Good Friday of the Lord’s Passion

With the seven words of Christ and the Cross … “Father, into your hands, I commend my spirit”. The words of Jesus Christ on the Cross call us to trust and love as God’s children filled with the Holy Spirit.

The evangelists refer to Christ’s seven words on the Cross. We discover in them how much God the Father loved us, to the extent that he gave his Son to die so that we could become sons in him.

1. “Father, forgive them, for they know not what they do” (Lk 23, 34). The Lord asks forgiveness for our sins. “When he ascended the cross, he bore our sins on his own body, so that we might die to sin and live for righteousness” (1 Pt 2, 24). Christ dies to save us. It calls us to do good and to endure suffering. The secret of forgiveness is a love that understands the weakness of others because we know that we are filled with God’s Love.

2. “Truly, I say to you: Today you will be with me in paradise” (Lk 23, 43). Forgiveness again. The excellent thief repents and hears the promise of salvation. The word “paradise” of Persian origin recalls the garden of happiness: the first garden at creation. Jesus makes it clear that happiness is to be with him.

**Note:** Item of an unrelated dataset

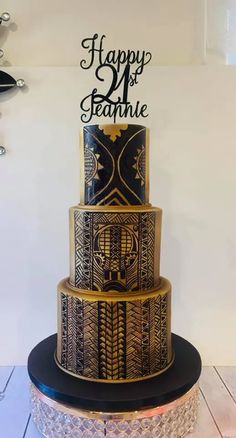 a three tiered cake is decorated with black and gold designs on the bottom layer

As Saint Gregory of Nazianzus says, “If you are crucified with him as a thief, trust your God like a good thief.”

3. “When Jesus saw the mother and with her the disciple whom he loved, he said to the mother: Woman, behold your son!” Then he said to the disciple: Behold your mother! And from that hour, the disciple took her to himself” (Jn 19, 25-28). The Virgin Mary “accepts with love the offering of the victim she conceived.” She has no other son than Jesus. By accepting his death on the Cross, she receives us all as her daughters and sons in Saint John: she is the Mother of the Church.

4. “The whole earth was covered with darkness. Jesus cried out with a loud voice: Eli, Eli, lemah sabachthani? – that means: My God, my God, why have you forsaken me?” (Mt 27, 46). They are words from Psalm 22(21), which end with confidence in the goodness of God the Father and the future growth of the Church: “The whole earth will remember and turn to the Lord; all the families of the nations shall bow before him” (v. 28). Christ’s suffering on the Cross existed simultaneously with the immediate vision of God. At the same time, as St. Augustine says, we were also on the Cross because we are his body, which is the Church: Christ spoke for each of us.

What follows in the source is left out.